### AIM OF THE EXERCISE
Would you print the records below word for word, without the pictures?

### INFORMATION
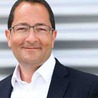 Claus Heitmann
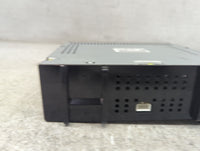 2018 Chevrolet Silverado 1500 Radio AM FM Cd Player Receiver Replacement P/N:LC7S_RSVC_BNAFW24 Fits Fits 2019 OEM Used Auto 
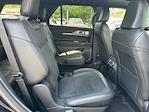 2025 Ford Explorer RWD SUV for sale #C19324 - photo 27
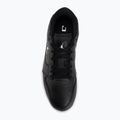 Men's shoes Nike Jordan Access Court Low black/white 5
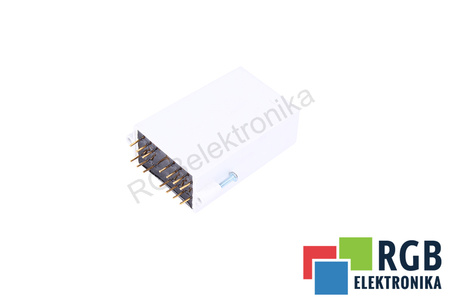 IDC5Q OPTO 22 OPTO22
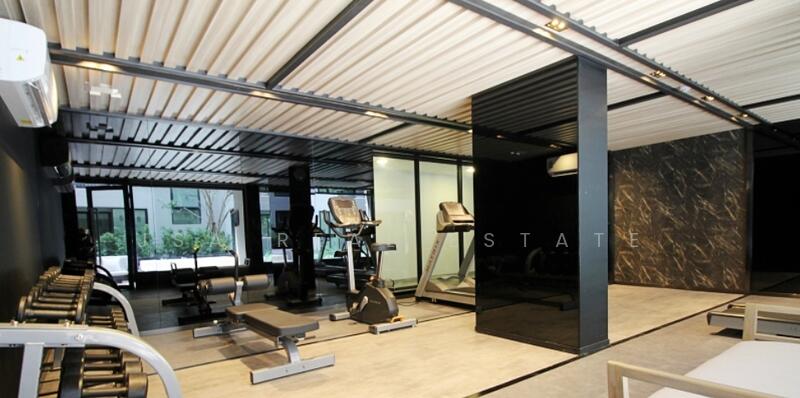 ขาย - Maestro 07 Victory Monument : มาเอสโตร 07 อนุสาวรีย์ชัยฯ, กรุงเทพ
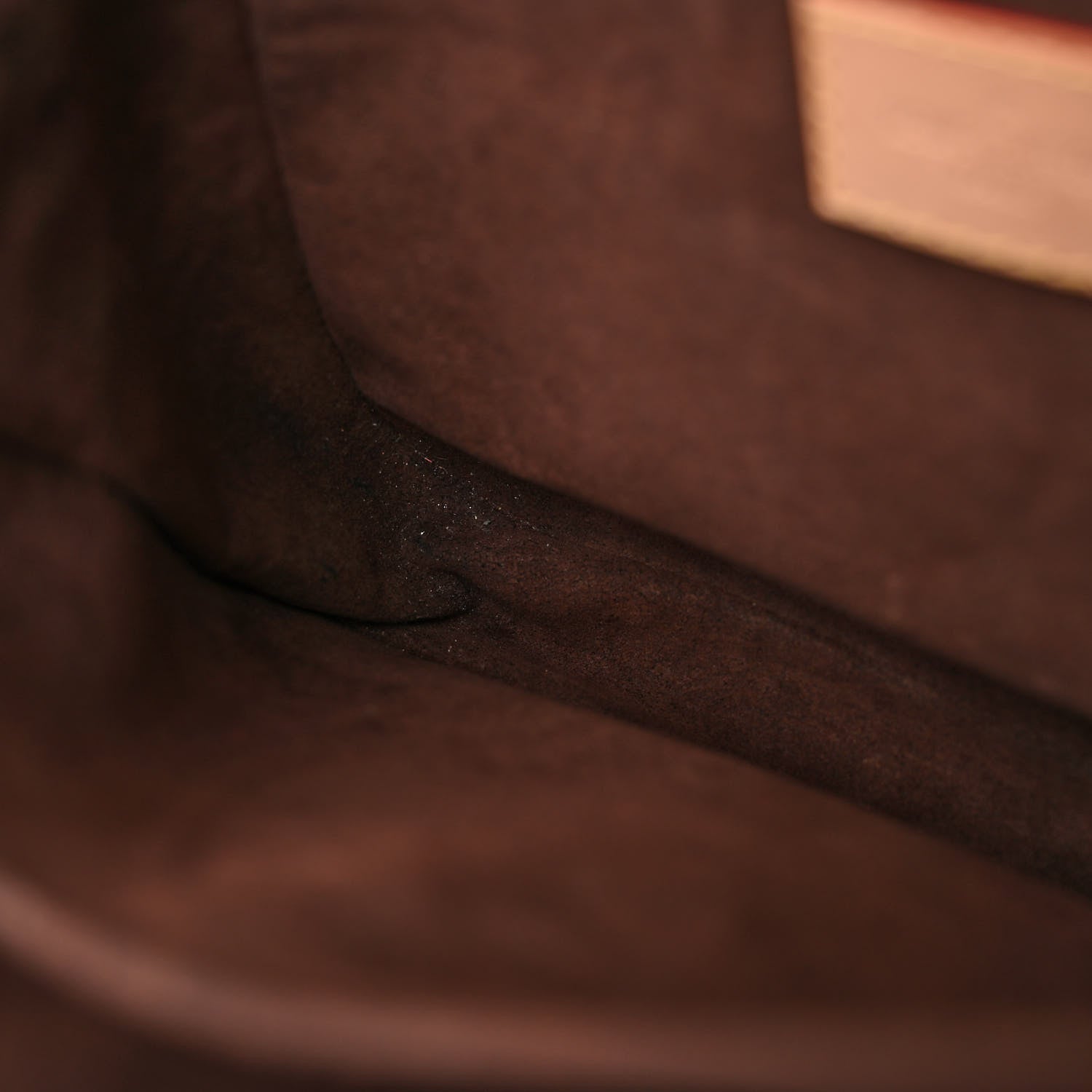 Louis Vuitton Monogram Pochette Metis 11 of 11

### EXPECTED ANSWER
 Claus Heitmann
 2018 Chevrolet Silverado 1500 Radio AM FM Cd Player Receiver Replacement P/N:LC7S_RSVC_BNAFW24 Fits Fits 2019 OEM Used Auto 
 2025 Ford Explorer RWD SUV for sale #C19324 - photo 27
 Men's shoes Nike Jordan Access Court Low black/white 5
 IDC5Q OPTO 22 OPTO22
 ขาย - Maestro 07 Victory Monument : มาเอสโตร 07 อนุสาวรีย์ชัยฯ, กรุงเทพ
 Louis Vuitton Monogram Pochette Metis 11 of 11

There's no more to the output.